🤖 AI Summary
This study addresses the problem of recovering unknown reward functions from expert demonstrations in mean-field games under the average-reward criterion. To overcome the non-contraction of the Bellman operator caused by the absence of a discount factor, the authors introduce a sub-stochastic kernel based on minorization conditions, which ensures strict contraction of the soft Bellman operator and establishes Fréchet differentiability and smoothness of the log-likelihood score. Within the occupancy measure framework, the approach unifies the treatment of two classes of reward functions by integrating convex duality reformulation, RKHS-based reward modeling, and gradient ascent algorithms. Experiments on malware propagation and consumer choice models demonstrate that the recovered policies closely match expert behavior, validating the method’s effectiveness and convergence properties.
📝 Abstract
We study inverse reinforcement learning for discrete-time, infinite-horizon mean-field games (MFGs) under an average-reward criterion.
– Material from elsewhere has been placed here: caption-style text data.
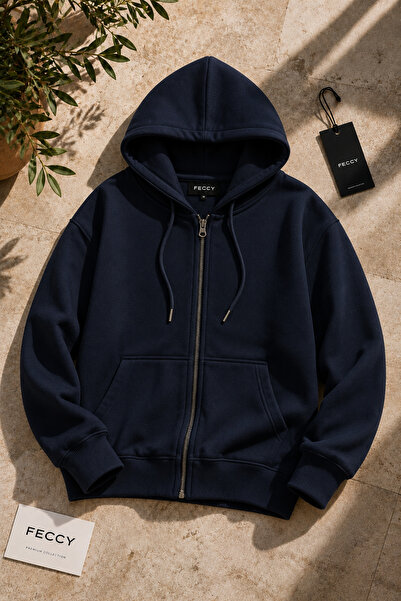 FECCY Premium Unisex Hooded Zippered Pocket Three-Thread Oversize Cardigan Sw...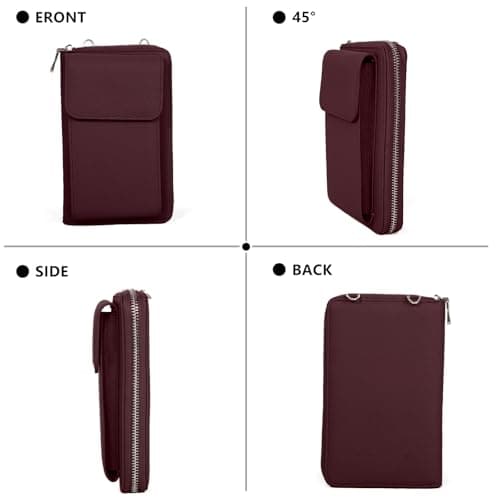 Women's Small Genuine Leather Crossbody Phone Purse and Wallet with Adjustable Strap, Fits cell phone up to 6.1 Inch view 5
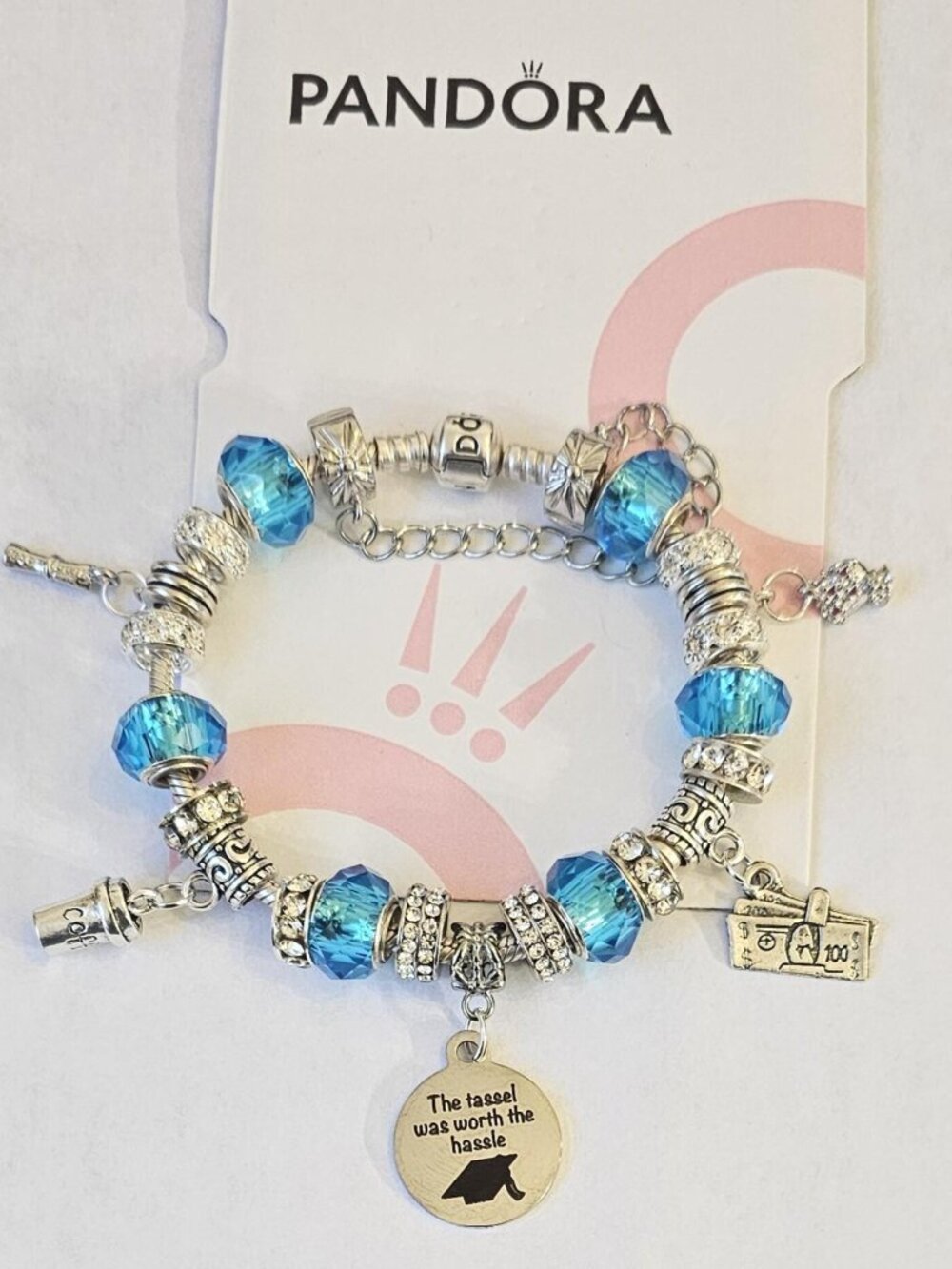 Graduation, Congrats, Pandora Bracelet comes with Receipt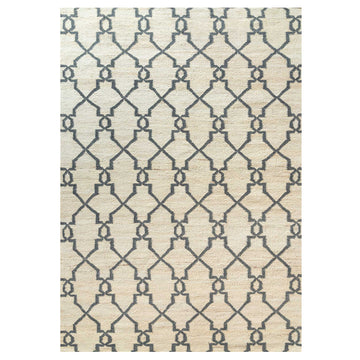 Cream Trellis Natural Jute Area Rug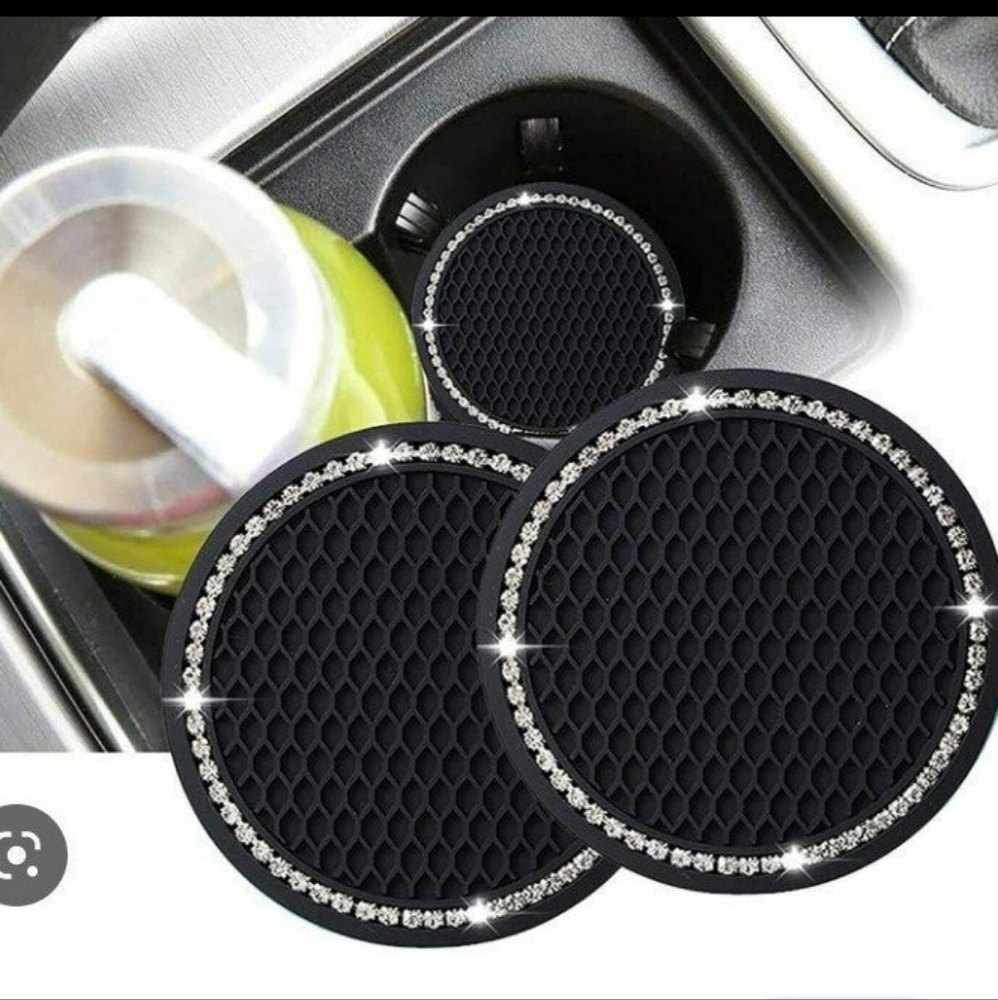 RHINESTONE Cup Holder Silicone 2pc Coasters Auto Var Truck SUV VansUniversal NWT - Picture 1 of 13
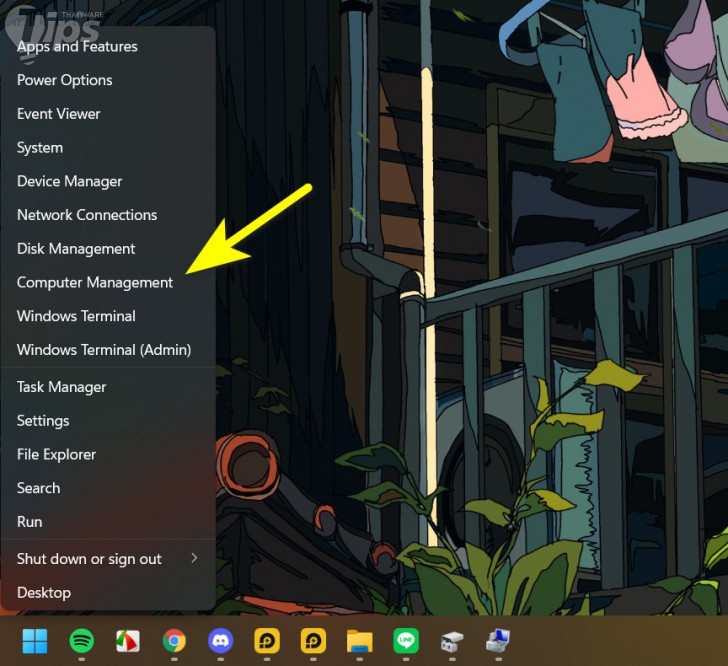 วิธีเปิด Disk Management ผ่านเครื่องมือ Computer Management ของระบบปฏิบัติการ Windows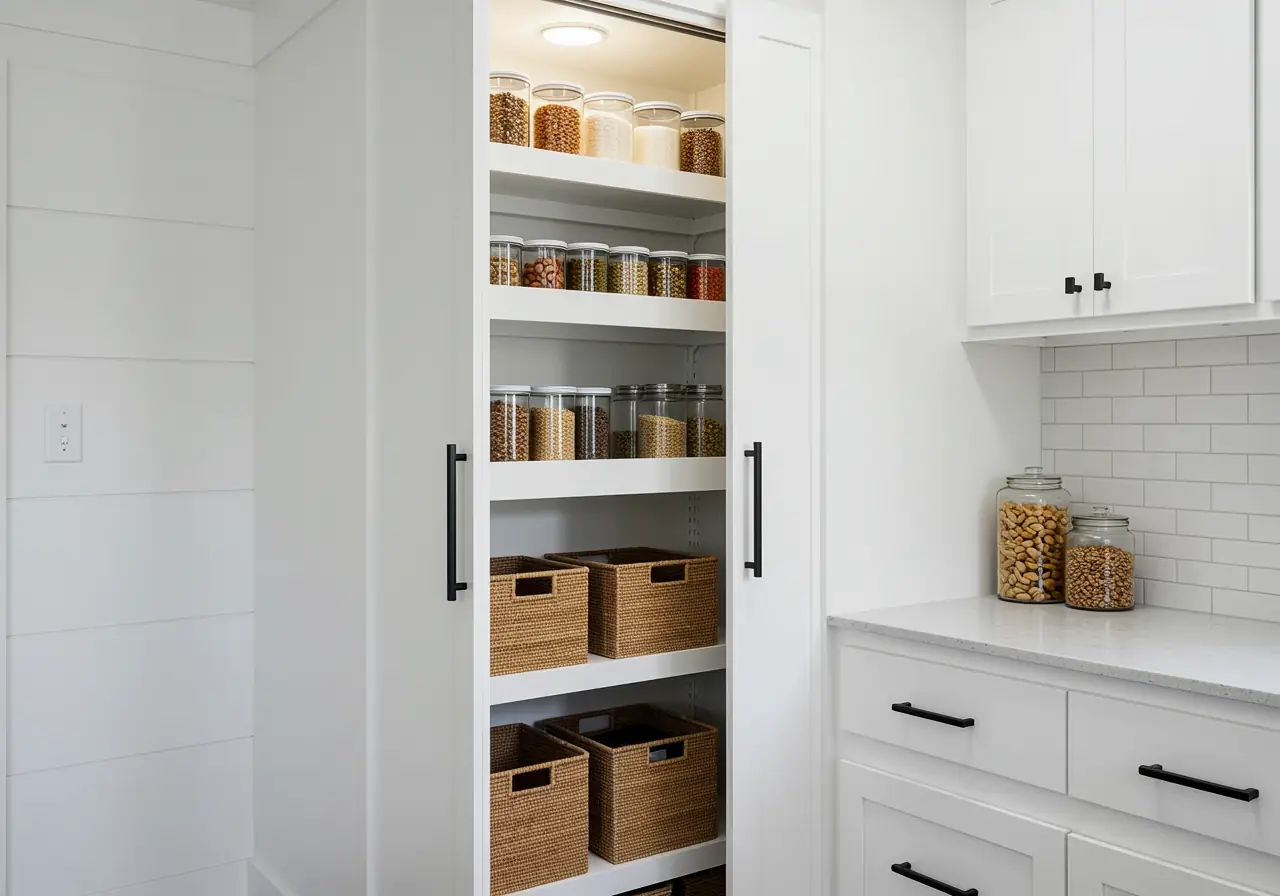 Compact slide-in pantry in a Manhattan apartment with white shelves.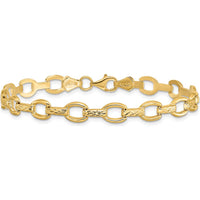 14K Yellow Gold Polished Diamond-Cut 7mm Fancy Link 7" Bracelet by 0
Expert demonstrations are assumed to arise from a stationary mean-field equilibrium under an unknown reward, and the goal is to recover a policy explaining the observed behaviour via the maximum causal entropy principle. We formulate the inverse problem by enforcing consistency with the expert mean-field term and long-run feature expectations, treating two reward classes within a unified occupation-measure framework. For finite-dimensional linear rewards, we give a convex dual reformulation with an explicit log-partition objective, and prove smoothness and curvature properties justifying constant-step-size gradient descent. For infinite-dimensional RKHS rewards, we develop a Lagrangian relaxation whose inner-maximising policy is characterised by a soft Bellman equation. The main obstacle is the absence of a discount-factor contraction. We resolve this by introducing a minorisation-based sub-stochastic kernel that yields a strict contraction of the soft Bellman operator. We establish Fréchet differentiability and Lipschitz smoothness of the log-likelihood score, leading to a gradient ascent algorithm with convergence guarantees. Two numerical examples, a malware-spread MFG and an RKHS-based consumer-choice model, show that the recovered policies closely match expert behaviour.